2007-07-09 18:21:56 · 20 answers · asked by rebekkah hot as the sun 7 in Society & Culture Religion & Spirituality

I'm not saying we should literally be required.

2007-07-09 18:33:06 · update #1

20 answers

It wouldnt hurt to hear another persons point of view and interpret what you decide to believe from either side. Sort of how philosophers study and then deside what they want to believe from what they hear. So yeah, it could change a lot of peoples perspectives.

2007-07-09 18:25:52 · answer #1 · answered by Anonymous · 2 0

My theory is that science is the way to find out if anybody's religion or spiritual beliefs or ideas are true or false. Blind faith and sheeple will get you nowhere. But that's just my theory. Have a nice day.

2007-07-17 02:09:29 · answer #2 · answered by Sandy B 2 · 1 0

What ever happened to the separation of church and state. Doing something like that would go against the constitution. Also, science is based on fact and religion isn't. It would be like asking whether schools should teach that Abraham Lincoln existed and then teaching that Santa Claus exists, that is just foolish, end of story.

2007-07-10 01:28:21 · answer #3 · answered by foxtrot 3 · 0 1

Why? Do you think it would change my convictions of my faith? Unlike many on here, I was deemed a "genius" at an early age, especially in Science and Math with an IQ of 156 at the age of 14. "That" was before I got "educated." Science can only summize "discoveries" and "assume" the "logic" of those artfacts or "theories" they make presumptions upon. Science and Faith when it come to the past can only go by the FACTS, and NOBODY truly KNOWS that which is PRESUMED as TRUE, one way or the other. When science says what it presumes to be truth, much of that lays in "theory" while much of what lays in "faith" is ALSO in theory, but some of those THEORY do have FACT and it is what contributes to any persons convictions, just as it does MINE. I go by all FACTS of the ancient "Egyptians" for they had high reverance to LIFE, and all things "living." No other religion SINCE "has" held these principles. Not all of us are "stupid" when it come to our choice to serve the Lord in heaven and no SCIENCE can prove to me he doesn't EXIST.........

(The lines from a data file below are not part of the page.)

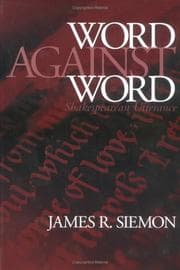 Tapa de Word against word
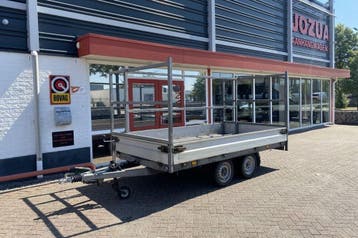 Plateauwagen Hapert Azure H-2 2011, Ophalen, Zo goed als nieuw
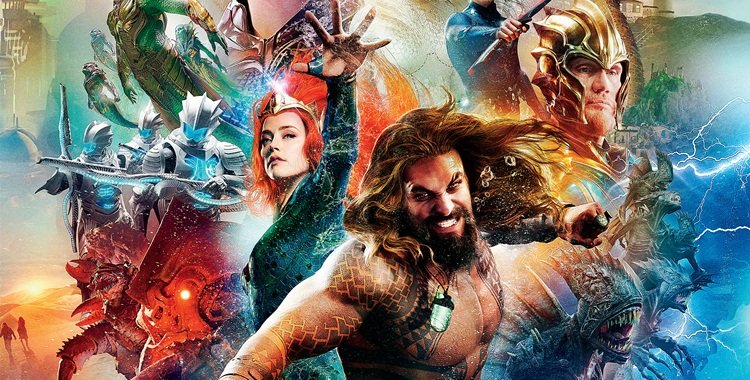 'Aquaman': Herói aparece com uniforme clássico em trailer espetacular; Vem ver!  CinePOP Cinema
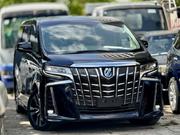 Toyota Alphard 2021 Black for sale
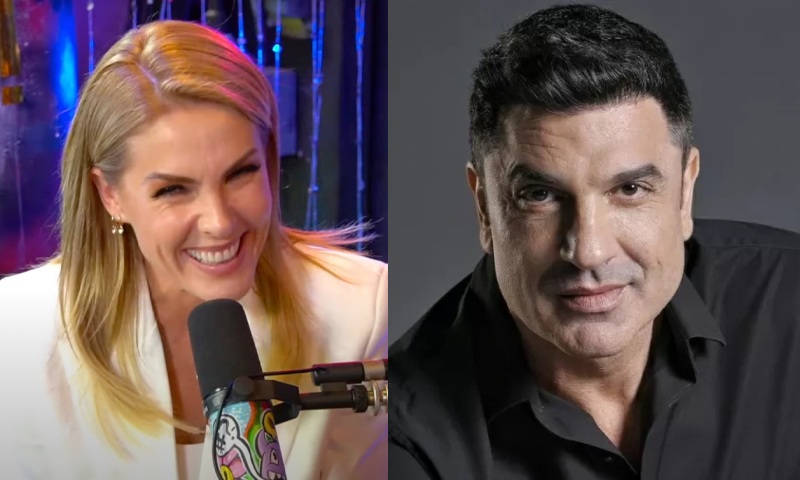 Ana Hickmann nega ter traído ex-marido com Edu Guedes, mas admite: “Ele é gatinho”; veja vídeo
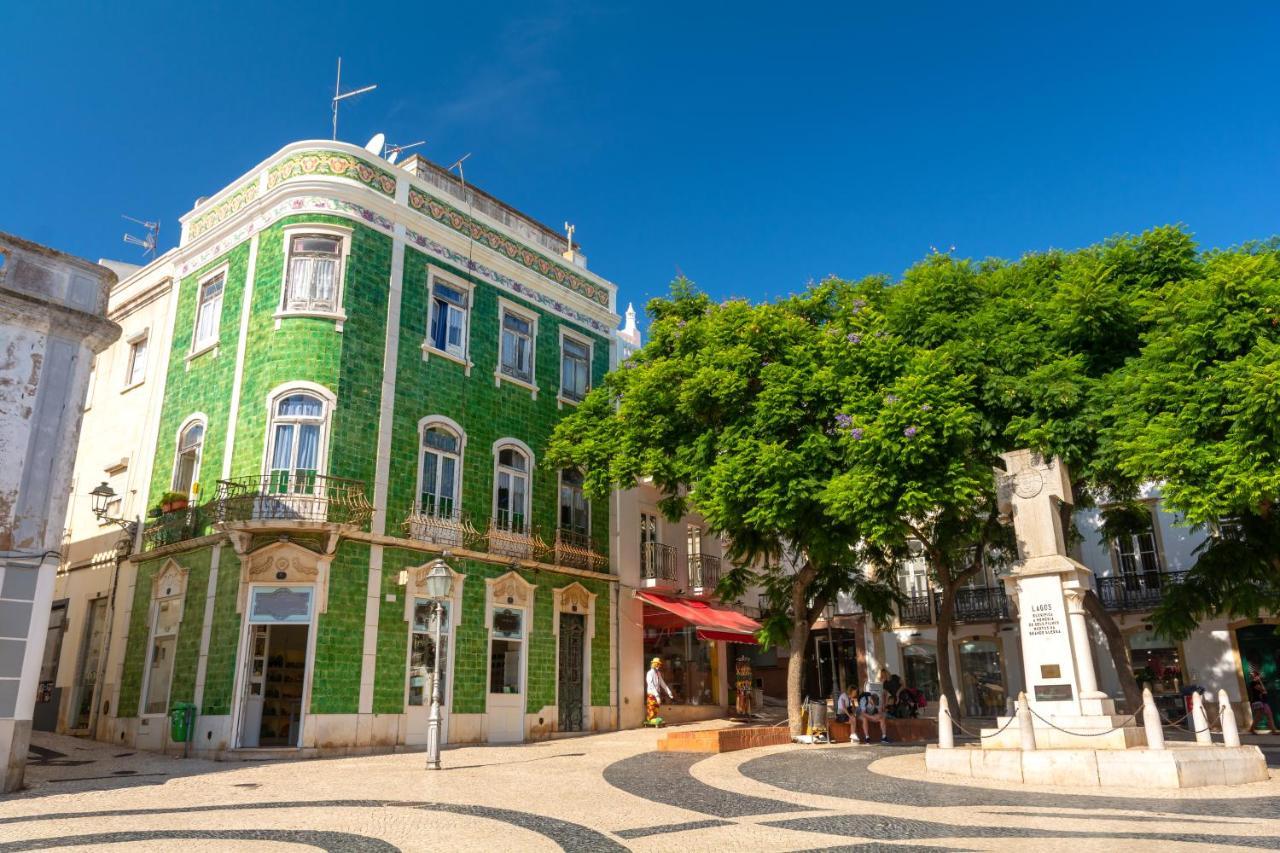 Casa Orquidea Mar - Apartamento Em Zona Central De Lagos Apartment Екстериор снимка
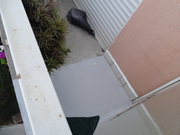 Etanchéité résine partielle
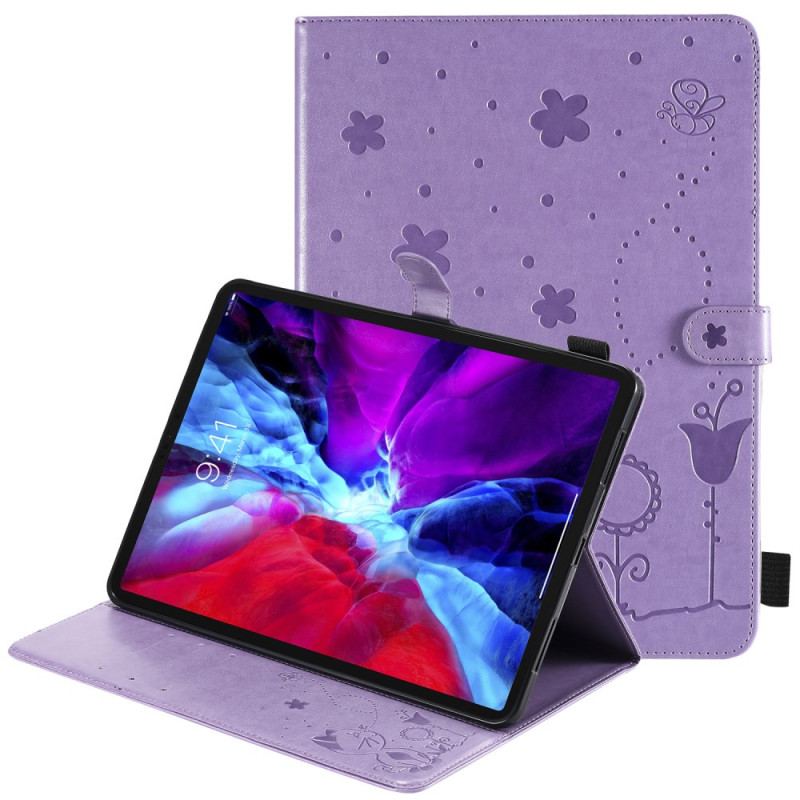 Flip Cover iPad Pro 11" (2022) Kat Og Bier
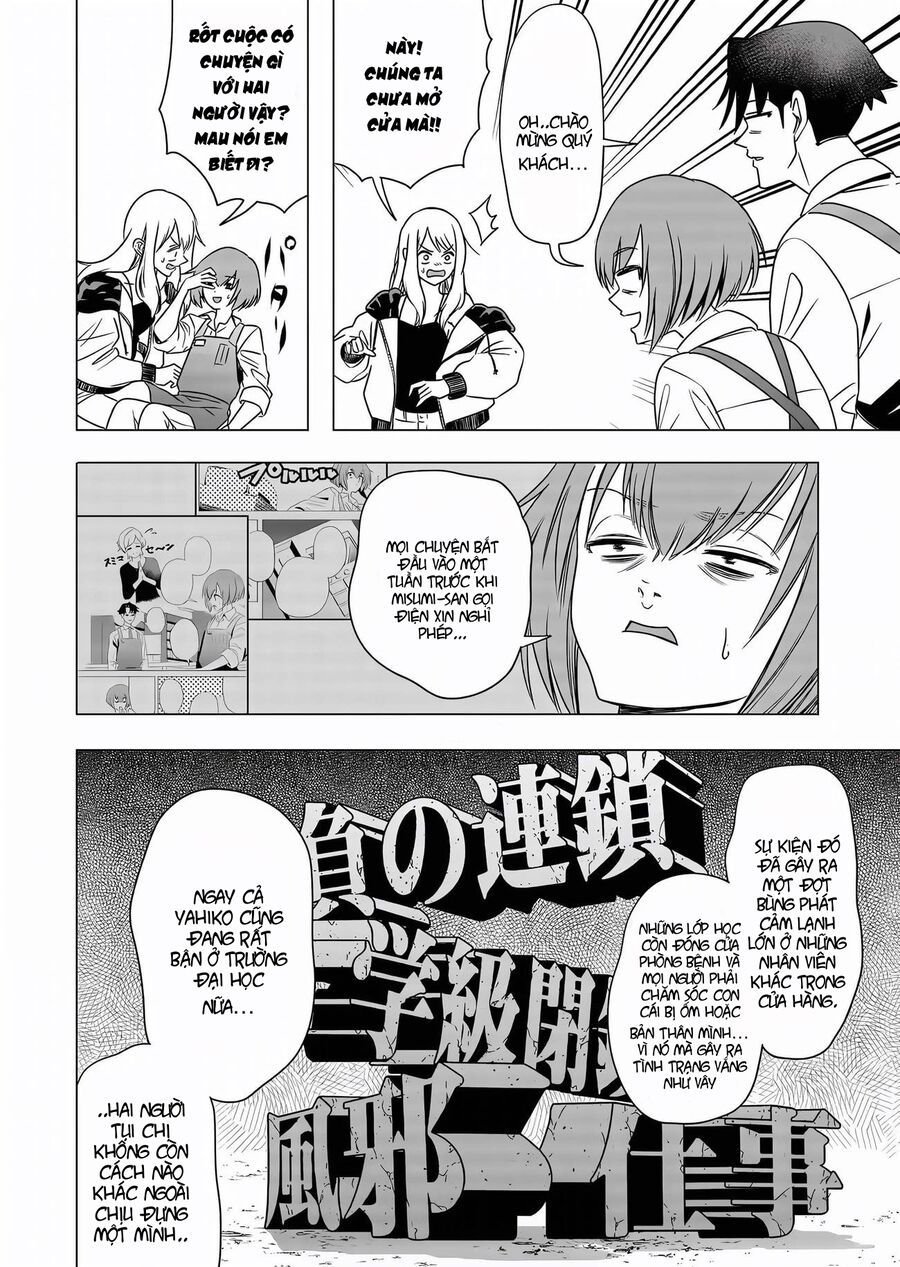 Shokuba No Onnanoko Ni Toushisuru Hanashi A Story About Investing In A Girl At The Workplace Chapter 6 - 8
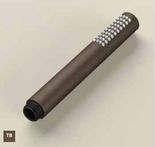 Hotbath M354 staafhanddouche - Tuscan bronze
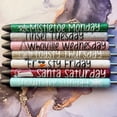 thumbnail image 2 of Pen Clearance,Christmas Glitter Pen Set B, 2 of 7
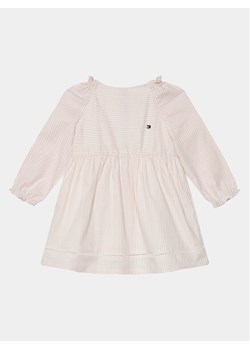 Tommy Hilfiger Sukienka codzienna Ithaca KN0KN01756 Różowy Regular Fit ze sklepu MODIVO w kategorii Sukienki niemowlęce - zdjęcie 181153634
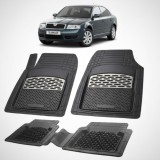 Covorase Skoda Superb I Compatibile 2001-2008 | Silver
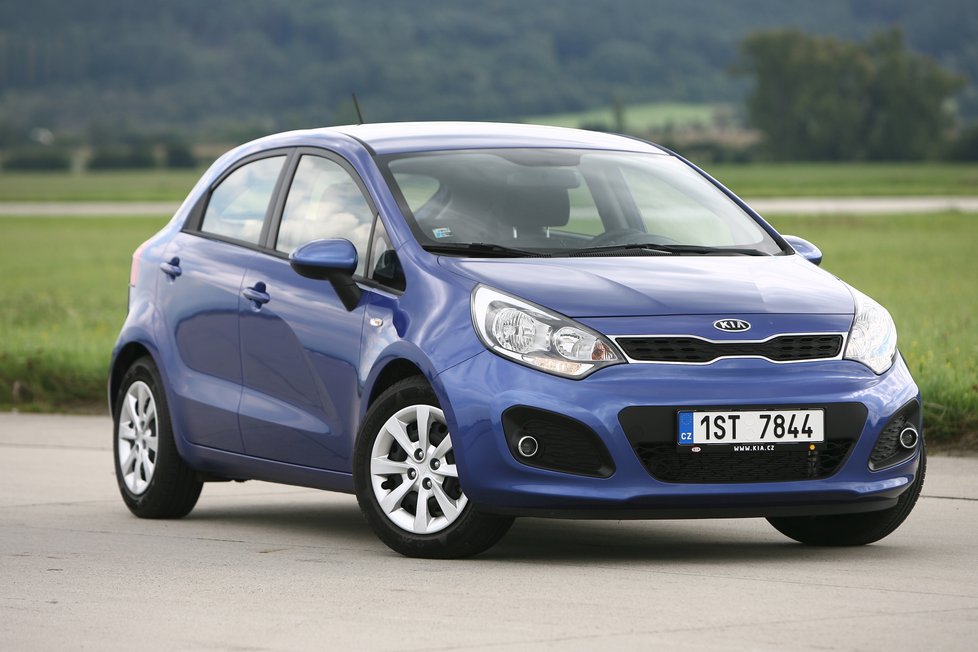 Kia Rio (2011-2017)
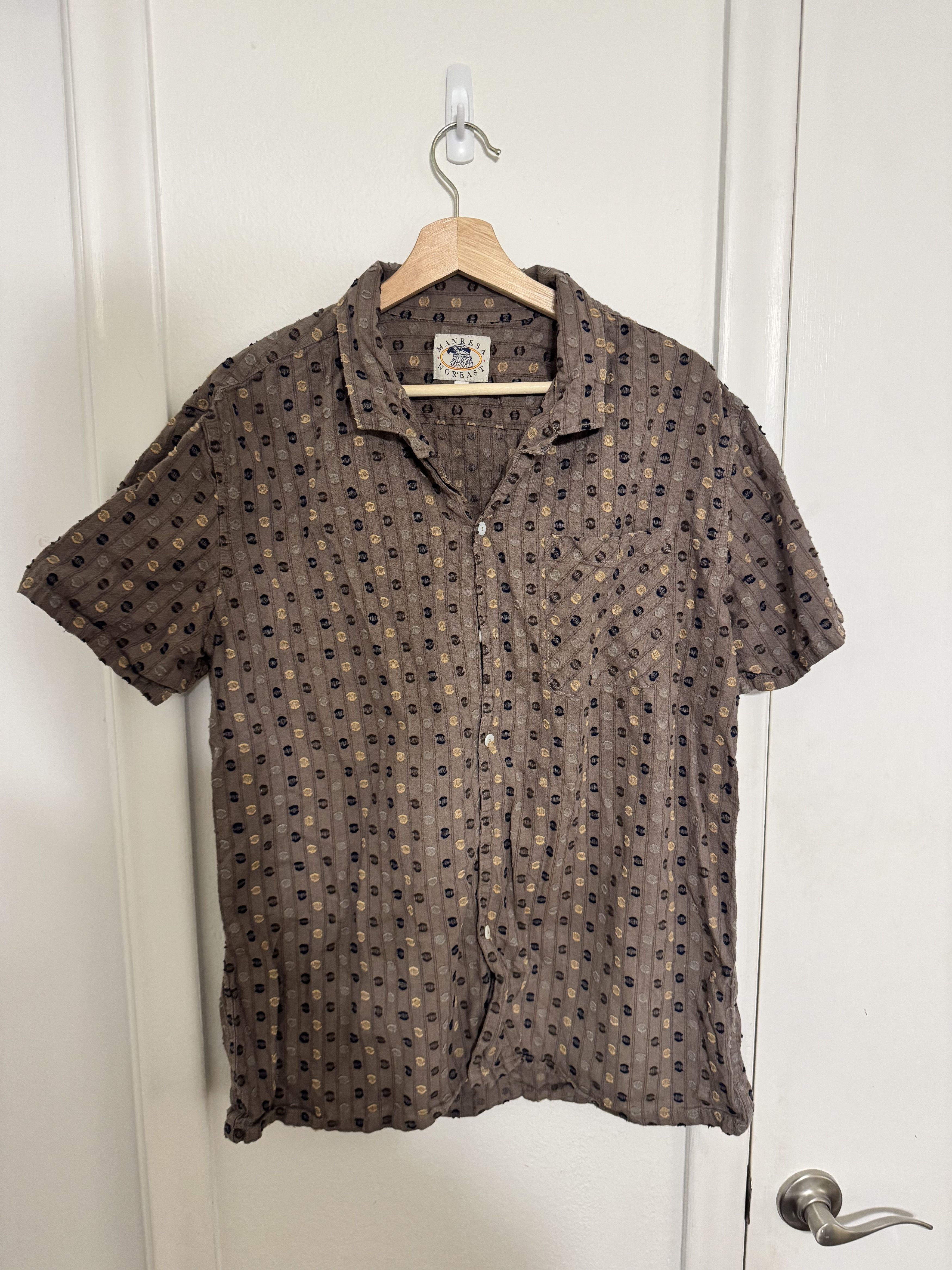 Manresa Scotch Shirt Size US XL / EU 56 / 4 - 1 Thumbnail
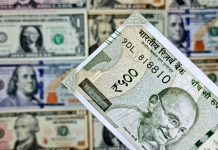 அமெரிக்க டாலருக்கு எதிராக இந்திய ரூபாயின் மதிப்பு முன்னில்லாத அளவு சரிவு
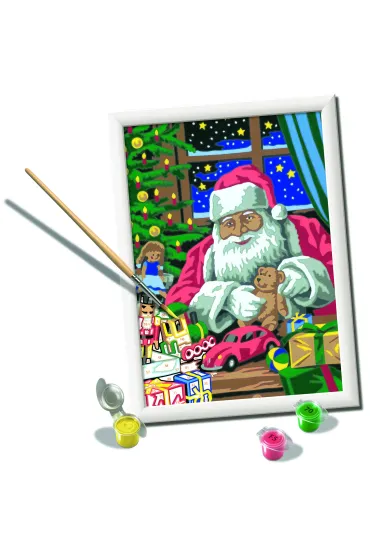 Malowanie po numerach CreArt - �wi�ty Miko�aj Ravensburger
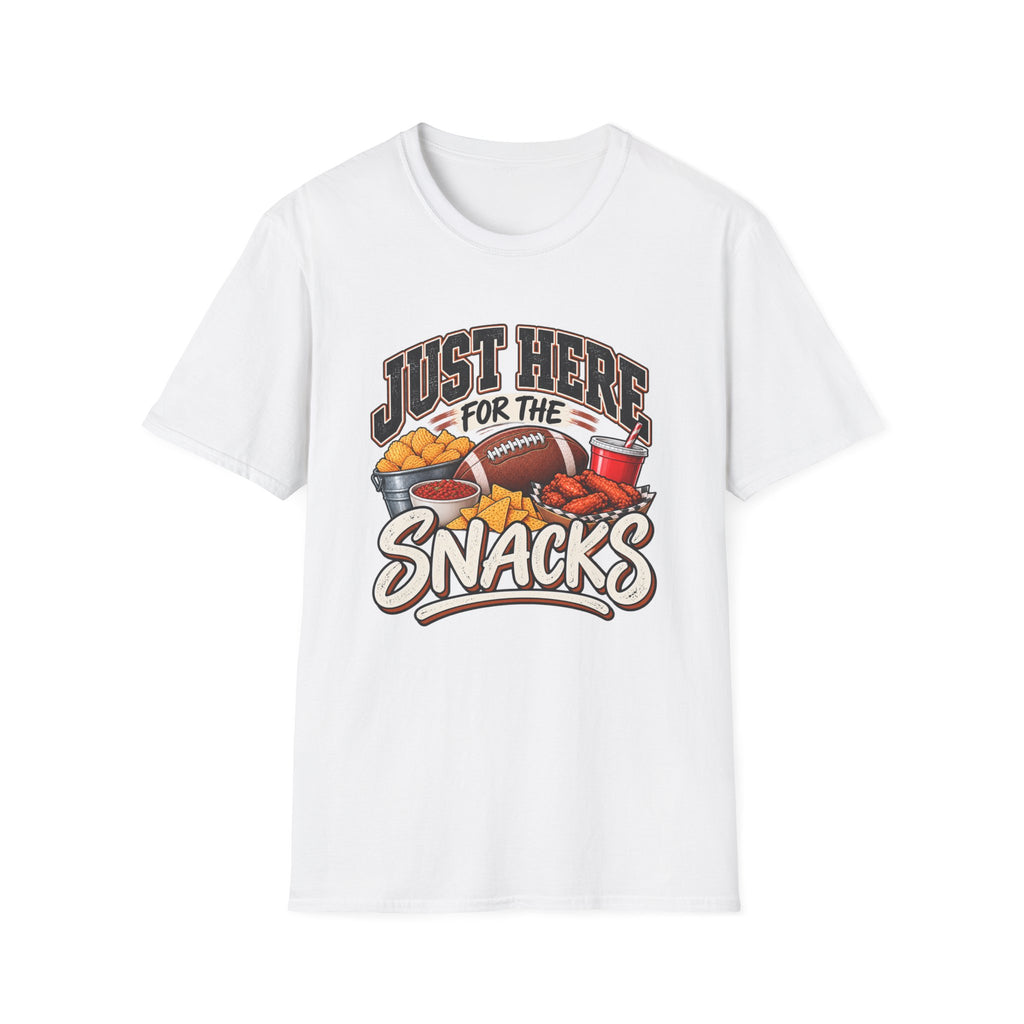 Just Here For The Snacks T-Shirt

2007-07-10 01:40:51 · answer #4 · answered by Anonymous · 0 2

That will not work for I can make up a thousand new religions that all make more sense than the last and many many more after that. One word!: Weallcannotbenifitfromschools teachingreligionandscienceperiod!.

2007-07-10 01:33:02 · answer #5 · answered by ? 5 · 0 0

I respect the idea behind your suggestion...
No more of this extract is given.